Instructions for the task:
Nothing but the lines from the one containing "My presentation is" to the final line of the entries should appear, copied exactly and without pictures.

════════

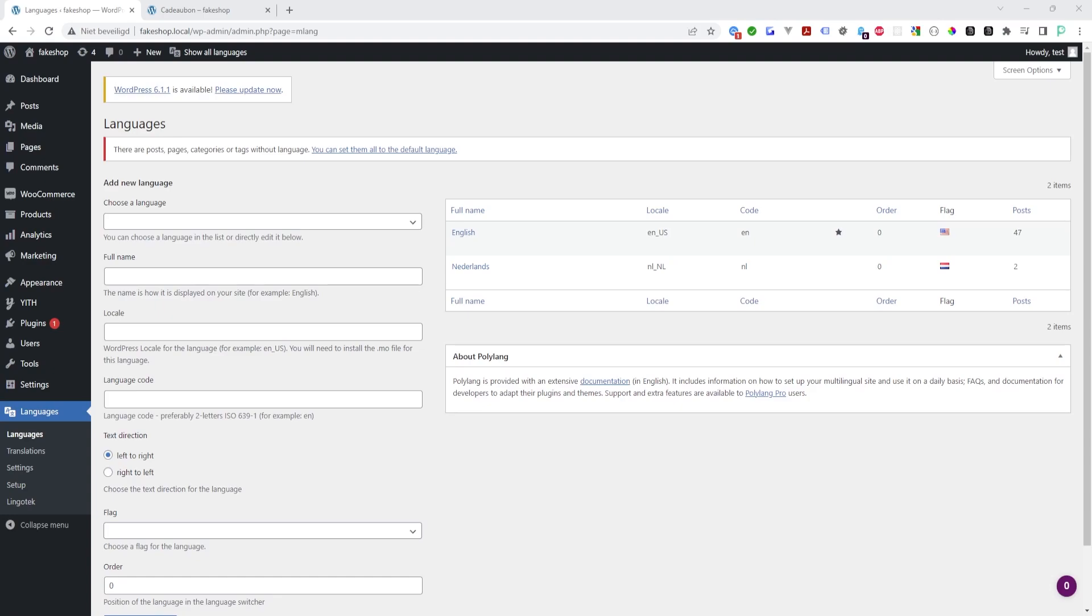Hi there, today I'm going to show you a quick tip I found which enables you to translate every string with Polylang, even though they are not registered with Polylang yet.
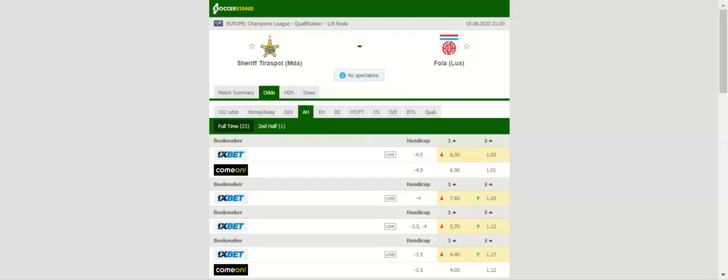Fola on the other hand face an uphill task in the first qualifying round. Even though football in Luxembourg has been making progress year by year, we are tempted to put our money on the high-flying Moldovan champions this time out.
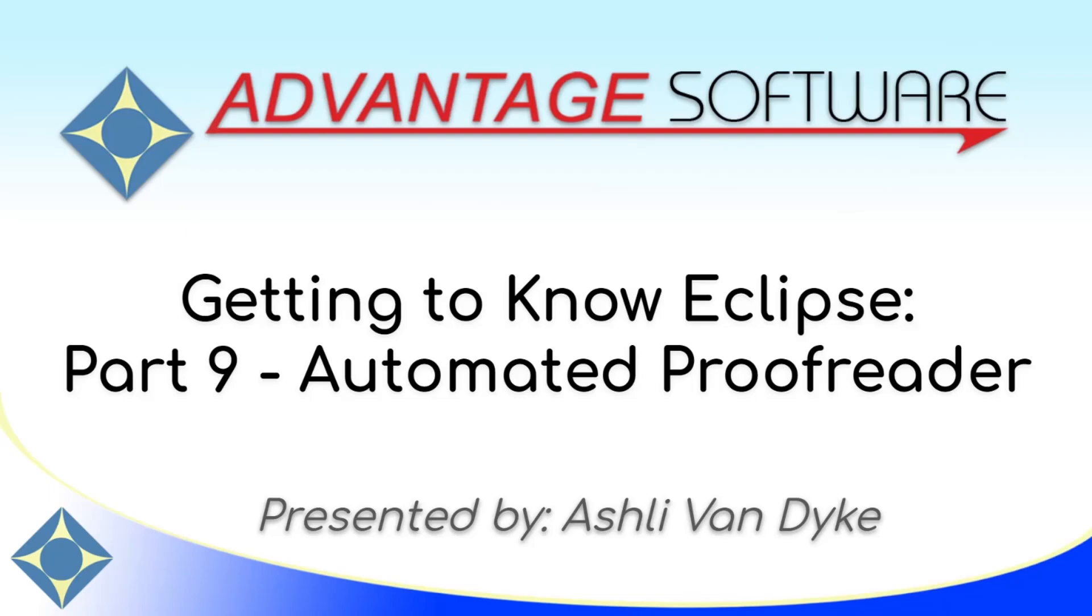Hello and thank you for watching. I'm Ashley Van Dyke with Advantage Software, and on today's video, Getting to Know Eclipse Part 9, Automated Proofreader, I'm going to show you how to enable and disable and utilize the automated proofreader, as well as how to access a sample file that shows you examples of all of the existing proofreader rules.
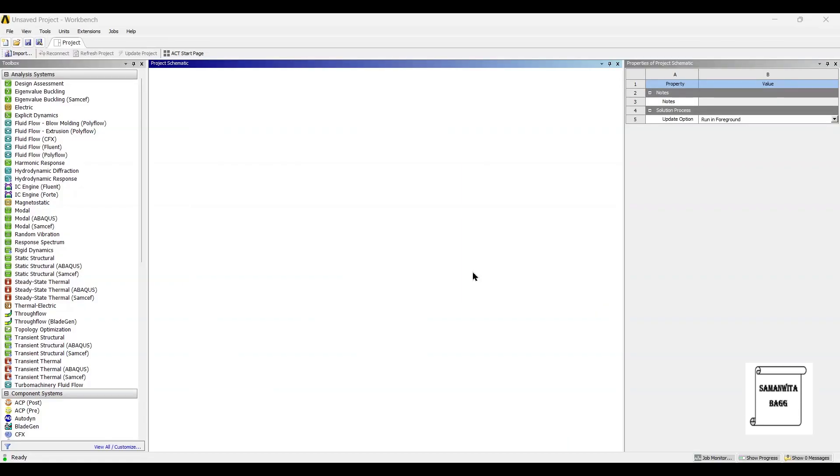Hello everyone, welcome to the next session on ANSYS Workbench Tutorials. In this session, we are going to design an E-Clip using Design Modeler.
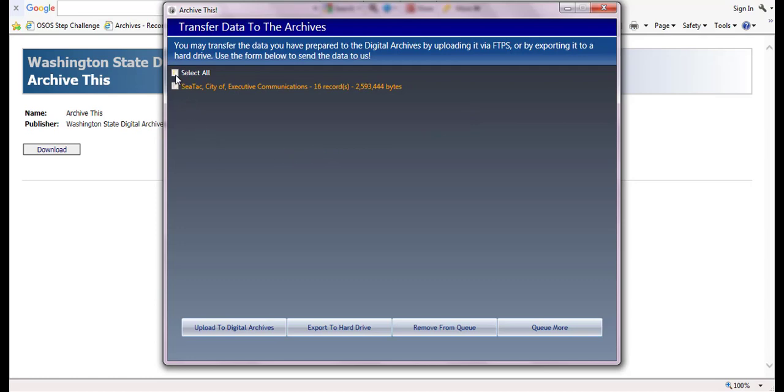Here you will see a list of all record series you have prepared for transfer. Select the series you wish to transfer, or you can click select all. As long as your data is under 200 gigabytes in size, you can then click the 'upload to digital archives' button to transfer the records online.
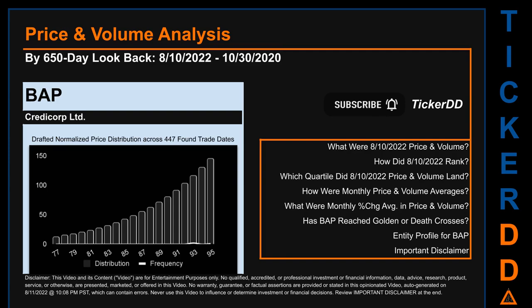My capitalistic brothers and sisters, let's get started. VAP went public on October 25, 1995, which was roughly 26 years ago. Looking back 650 calendar days from Wednesday, August 10, 2022, we found 447 applicable trade dates for use in our analysis. The chart shown on this page is our initial attempt at studying the price for VAP after dynamically normalizing price distribution across those discovered trade dates.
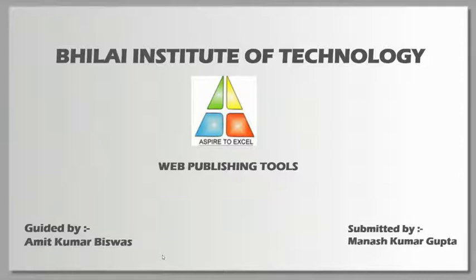My presentation is about web publishing tools, guided by Amit Biswas sir. I would like to thank sir for giving me this opportunity.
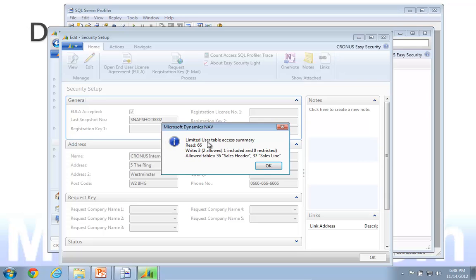This one required a read of 66 tables. I was writing to three tables. Two of them were allowed, and one of them were included.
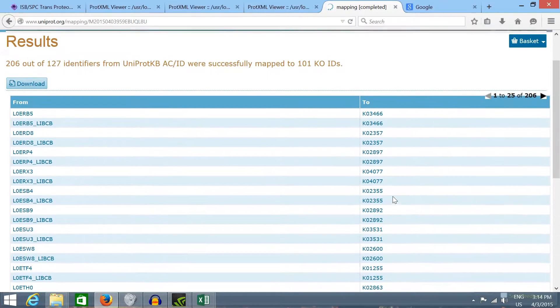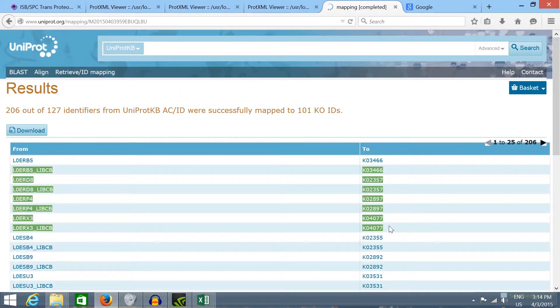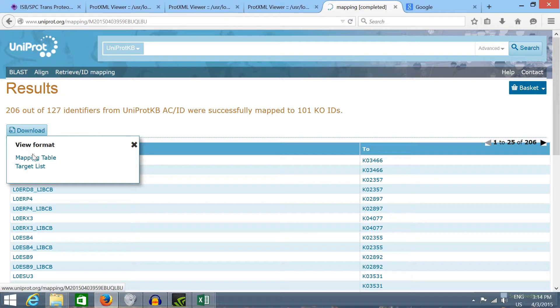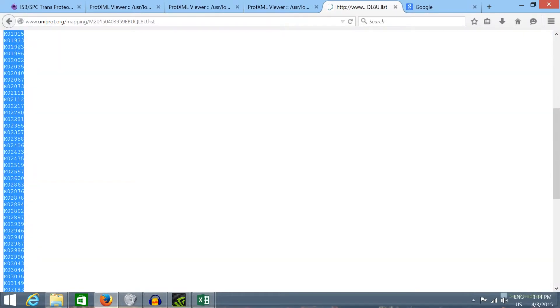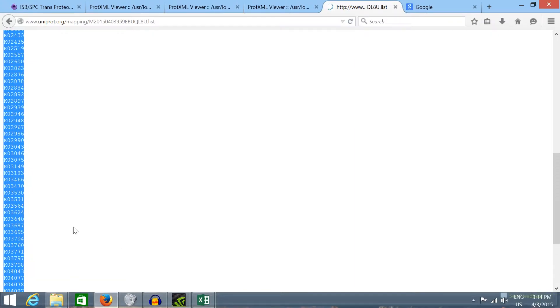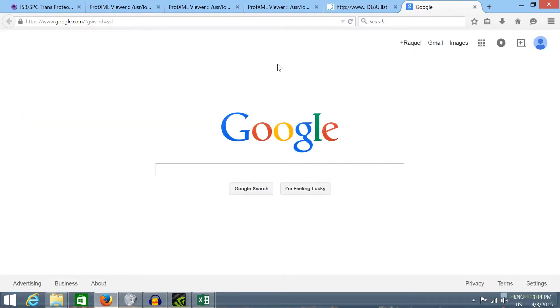This should be the mapped IDs. If we click on download and target list we're going to have all the converted IDs. Now we can copy these IDs and go to the metabolic pathway database.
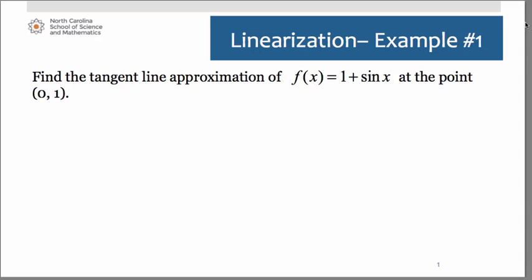We're going to take a look at three examples of how to find a tangent line approximation, also known as a linearization of a function at a specified point. What you're really doing is just writing the equation of a tangent line to the curve at that specified point. So when we go through these problems, you would be obtaining the exact same answer if the directions had read 'write the equation of the tangent line to the curve at this point.'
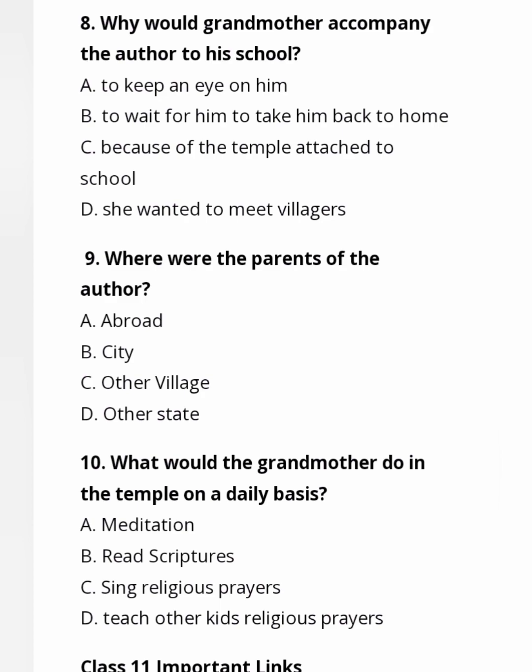She wanted to go to the temple which was attached to the school — as we already saw in question eight. So the tenth question's answer is Option B: read scriptures.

════════

Your response:
My presentation is about web publishing tools, guided by Amit Biswas sir. I would like to thank sir for giving me this opportunity.
This one required a read of 66 tables. I was writing to three tables. Two of them were allowed, and one of them were included.
This should be the mapped IDs. If we click on download and target list we're going to have all the converted IDs. Now we can copy these IDs and go to the metabolic pathway database.
We're going to take a look at three examples of how to find a tangent line approximation, also known as a linearization of a function at a specified point. What you're really doing is just writing the equation of a tangent line to the curve at that specified point. So when we go through these problems, you would be obtaining the exact same answer if the directions had read 'write the equation of the tangent line to the curve at this point.'
She wanted to go to the temple which was attached to the school — as we already saw in question eight. So the tenth question's answer is Option B: read scriptures.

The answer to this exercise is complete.